» EXERCISE DIRECTIONS
From the listing that follows, reproduce only the lines from the one holding "food pusheen coloring pages" through the one holding "Artery8 Happy Mother's", both included, with no pictures.

» DATA EXTRACTS
======

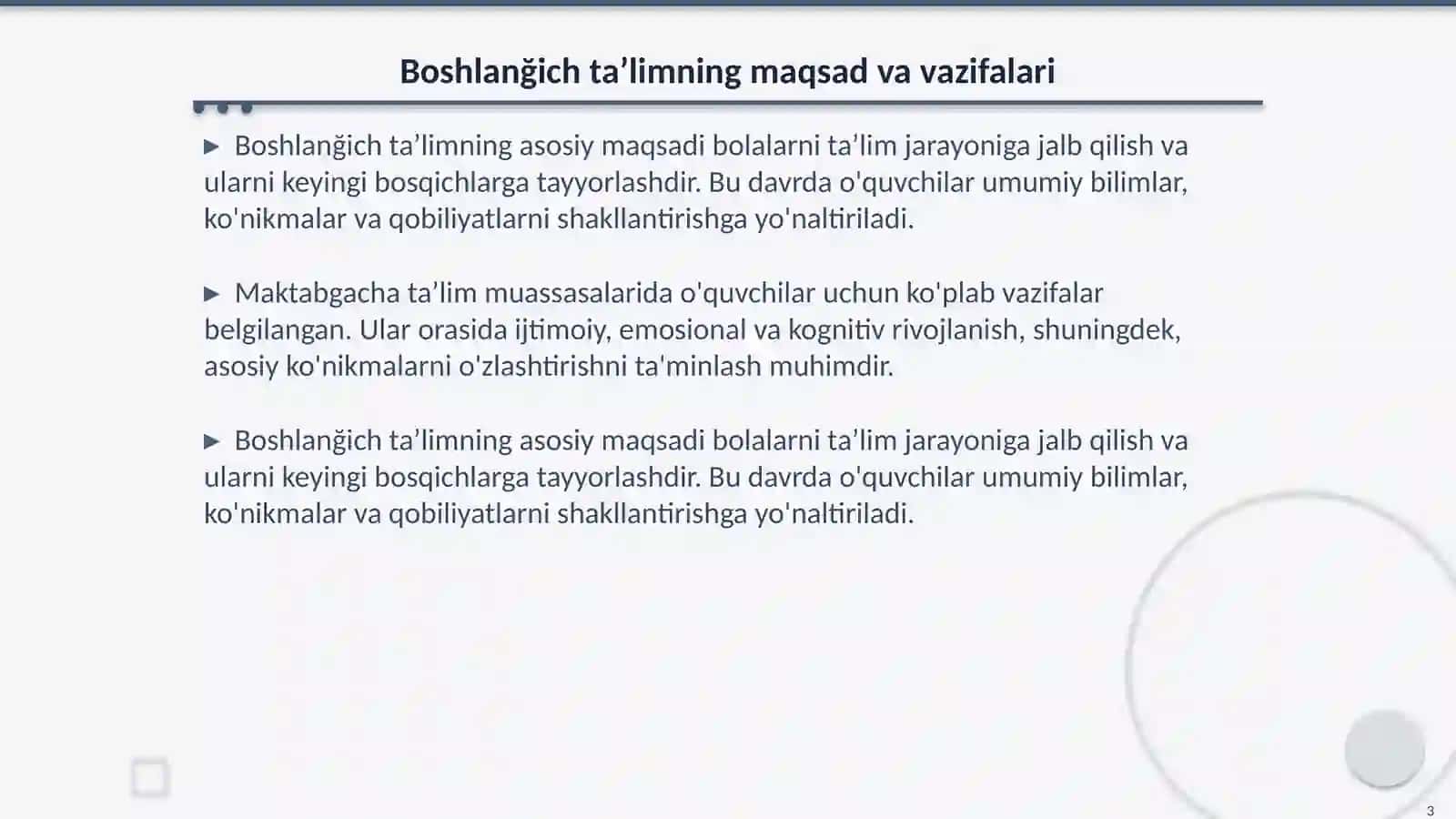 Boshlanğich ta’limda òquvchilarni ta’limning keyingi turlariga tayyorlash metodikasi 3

======

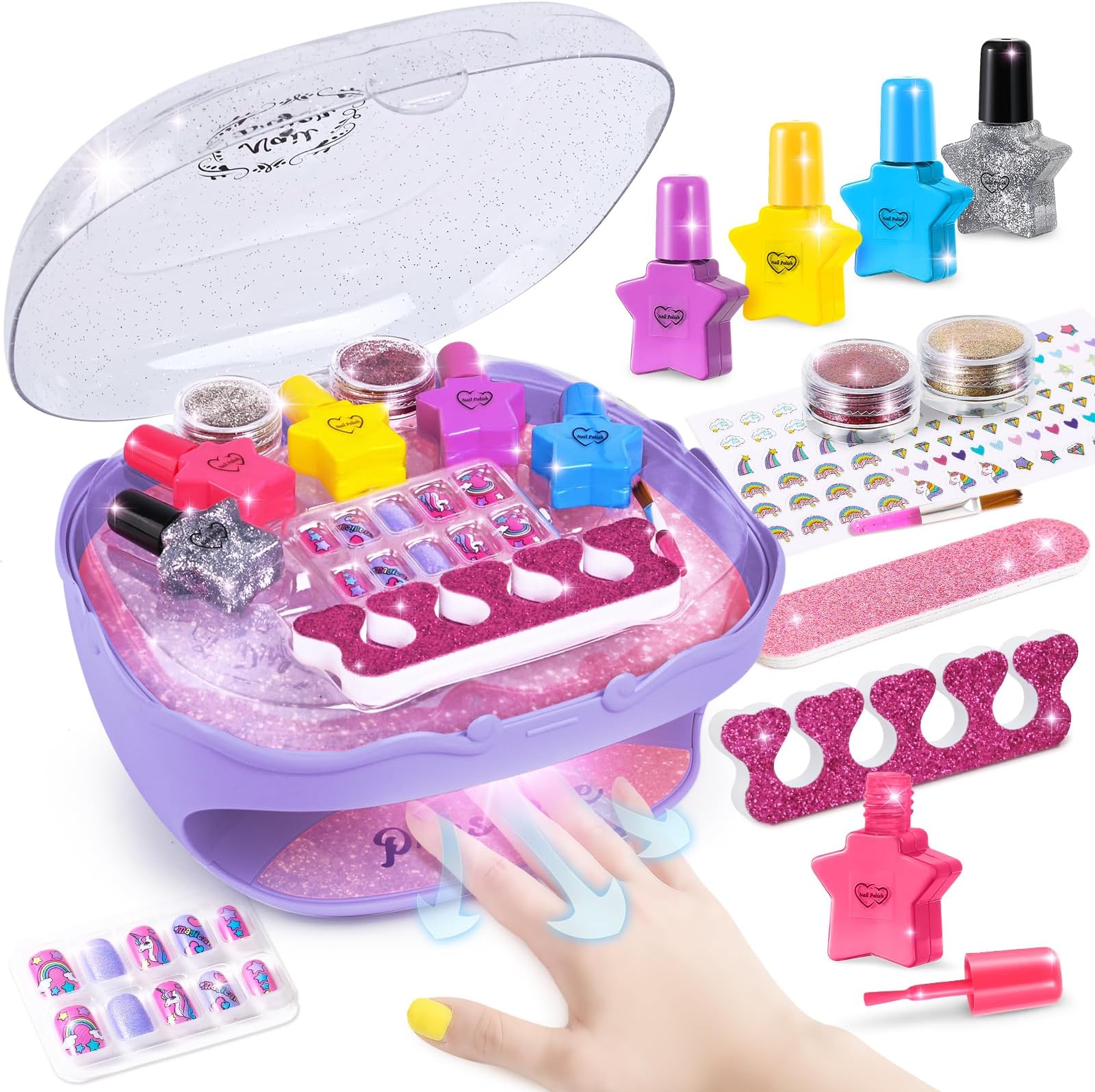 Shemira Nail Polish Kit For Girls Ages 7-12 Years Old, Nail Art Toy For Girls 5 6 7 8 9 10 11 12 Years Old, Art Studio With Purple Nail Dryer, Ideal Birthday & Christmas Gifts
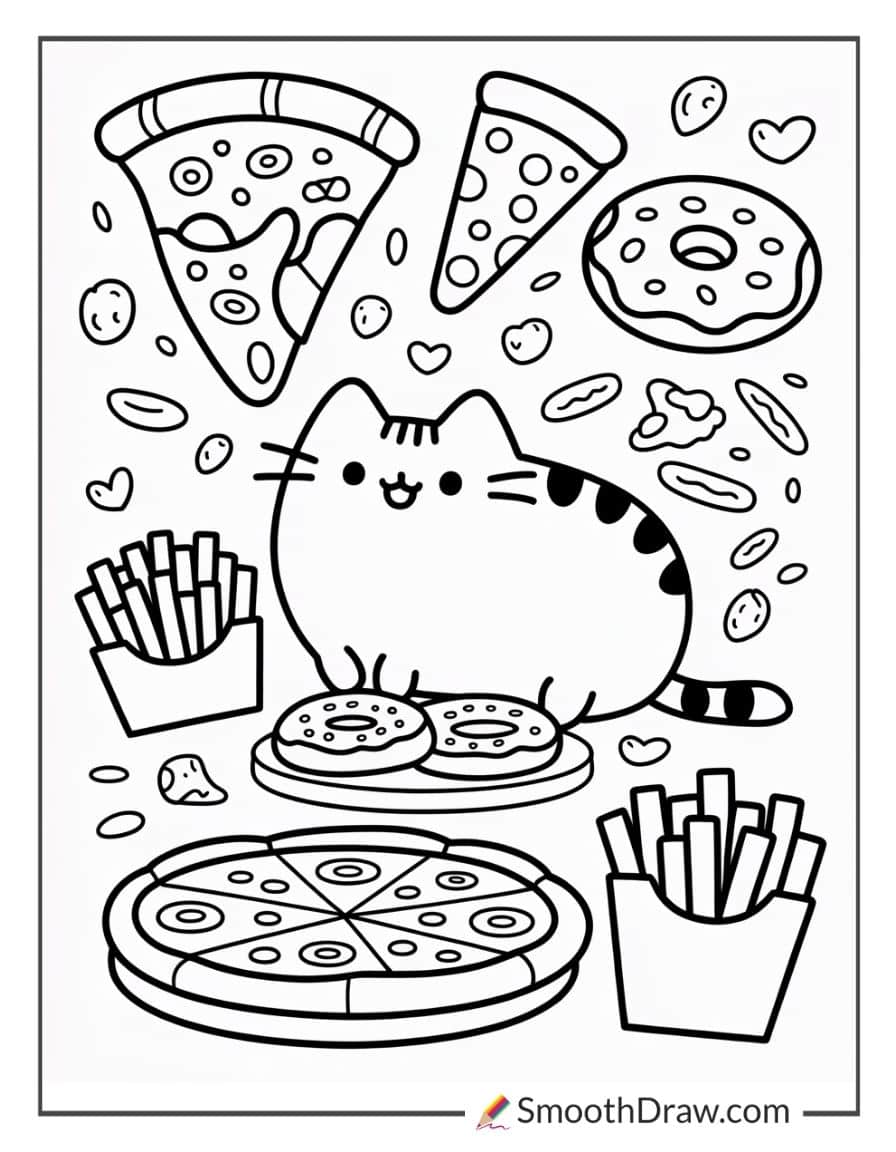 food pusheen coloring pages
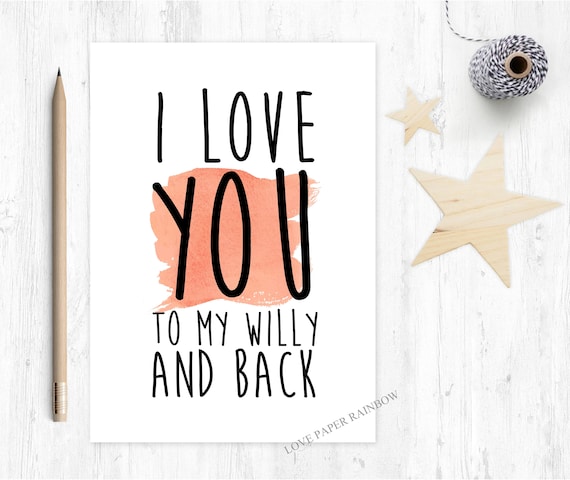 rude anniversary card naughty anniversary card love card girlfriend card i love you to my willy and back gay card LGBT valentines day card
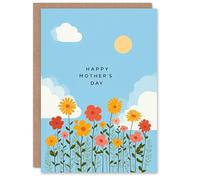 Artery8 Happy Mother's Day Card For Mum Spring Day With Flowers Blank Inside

======

» RESPONSE BELOW
 food pusheen coloring pages
 rude anniversary card naughty anniversary card love card girlfriend card i love you to my willy and back gay card LGBT valentines day card
 Artery8 Happy Mother's Day Card For Mum Spring Day With Flowers Blank Inside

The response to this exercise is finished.